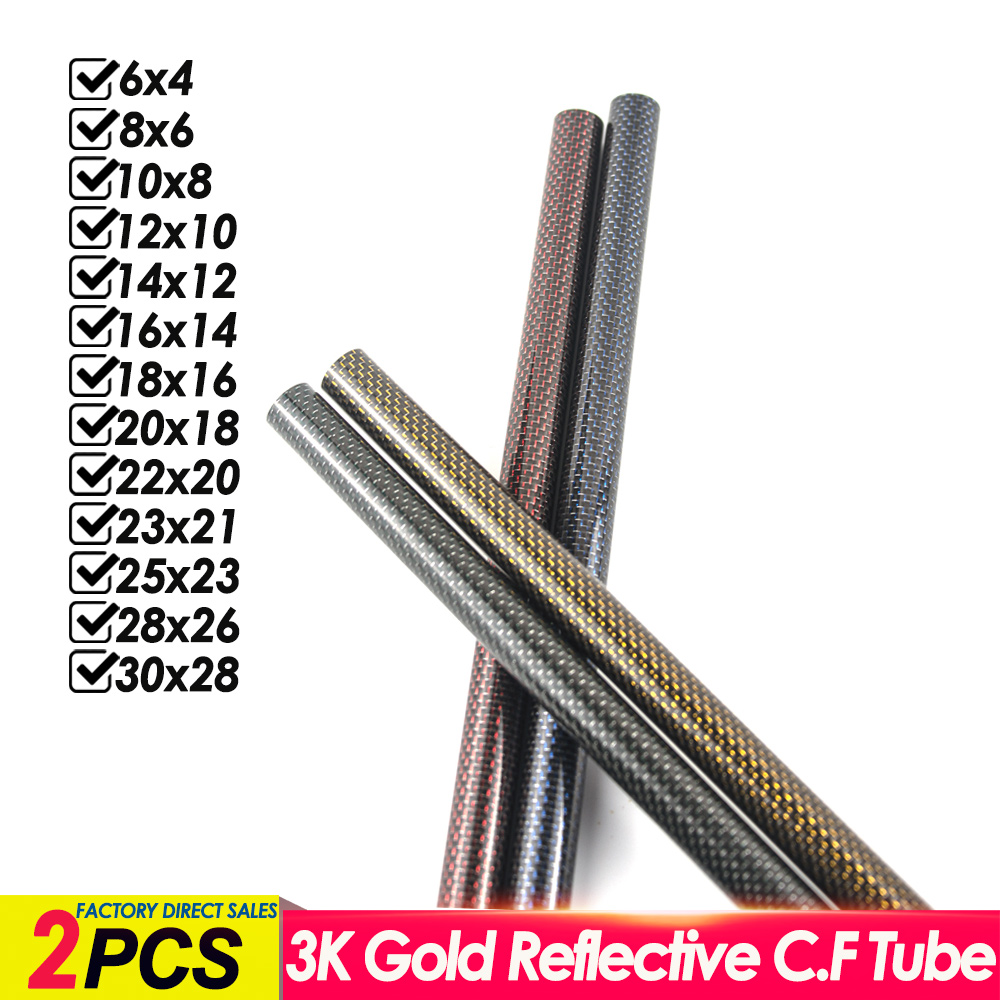 Rc Hobby Youtube - 2 pezzi 3K oro riflettente tubo
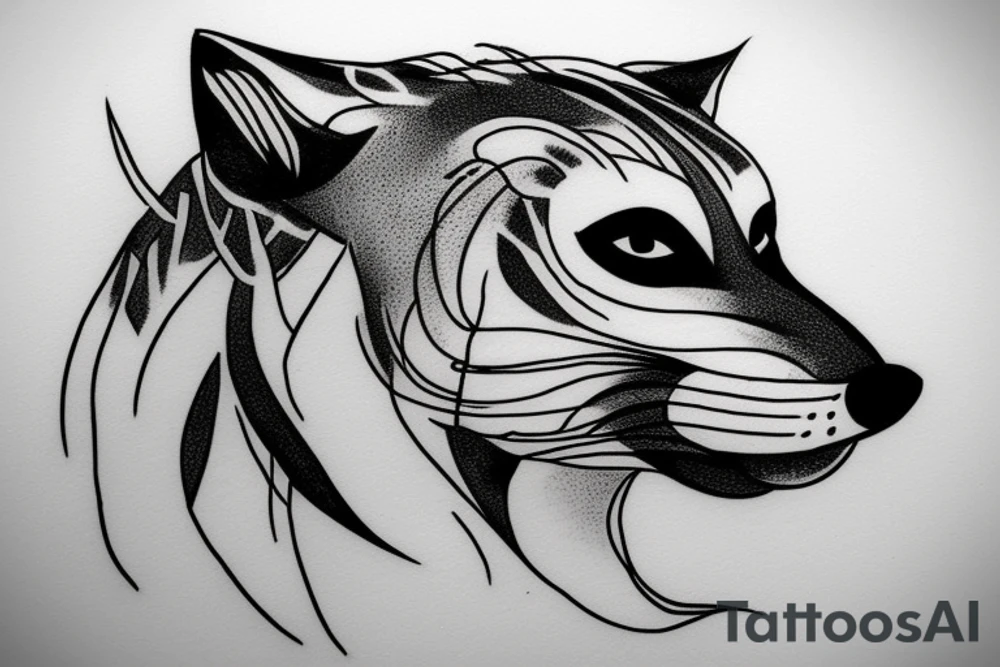 thylacine head open mouth tattoo idea
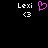 Pixelated display shows two 'Lexi' labels with '3' symbols below, one with a pink heart symbol between them on a black background.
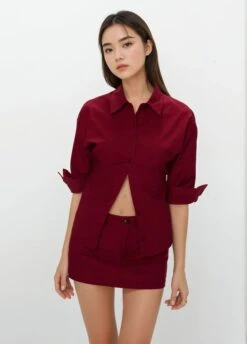 Button-Up 3/4 Sleeve Shirt And Mini Skirt Two-Piece Set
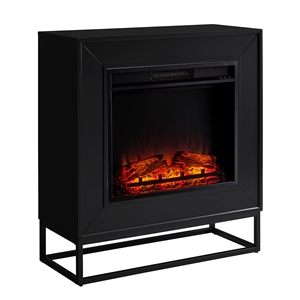 Maklaine Transitional Engineered Wood Electric Fireplace in Black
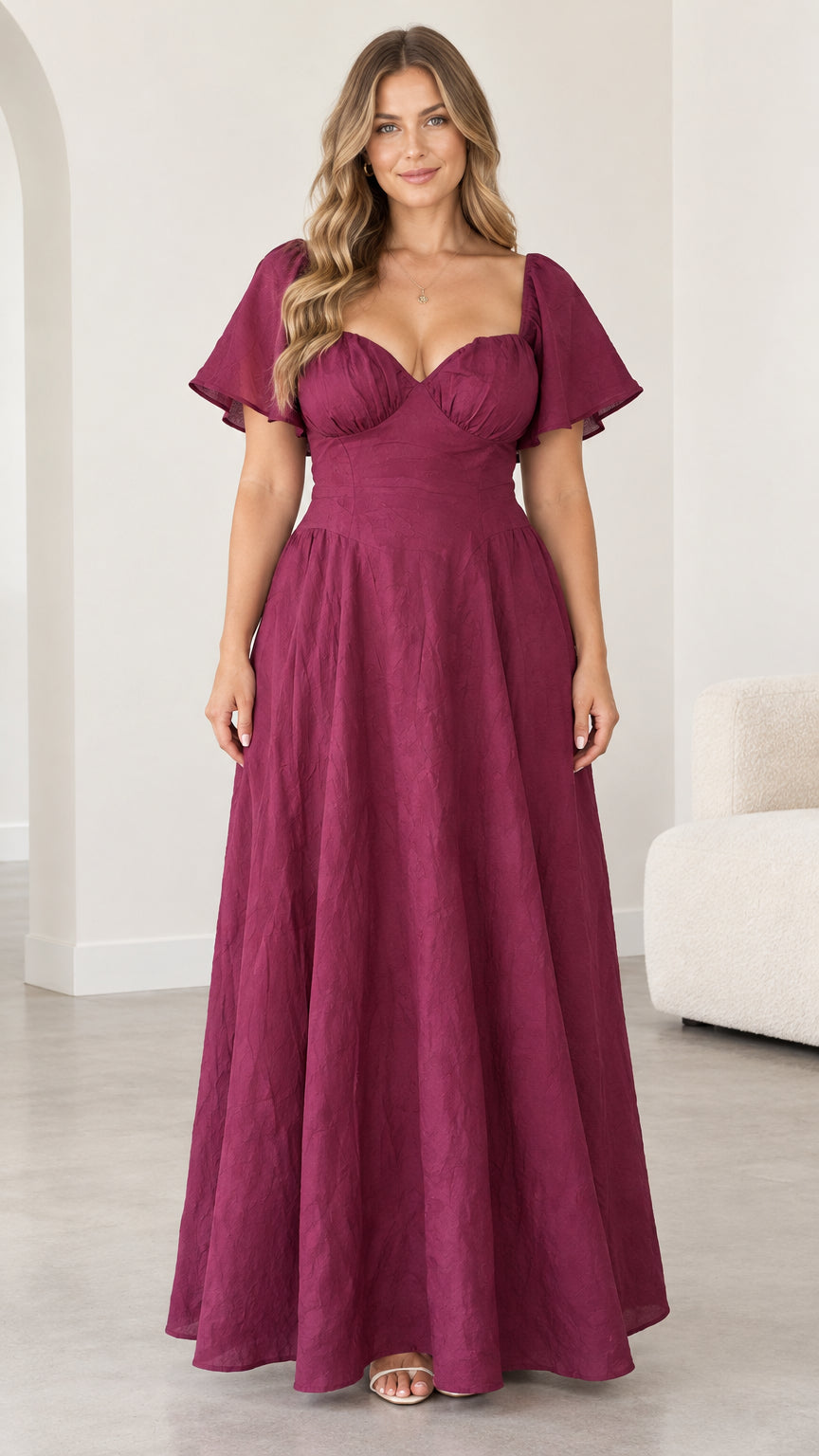 Front full view of woman wearing magenta sweetheart neckline flutter sleeve maxi dress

● Instructions for the task
Would you please reproduce the entries above, starting at the line with "thylacine head open mouth tattoo idea" and stopping after the line with "Maklaine Transitional Engineered"? Omit any pictures.

● Result
 thylacine head open mouth tattoo idea
 Pixelated display shows two 'Lexi' labels with '3' symbols below, one with a pink heart symbol between them on a black background.
 Button-Up 3/4 Sleeve Shirt And Mini Skirt Two-Piece Set
 Maklaine Transitional Engineered Wood Electric Fireplace in Black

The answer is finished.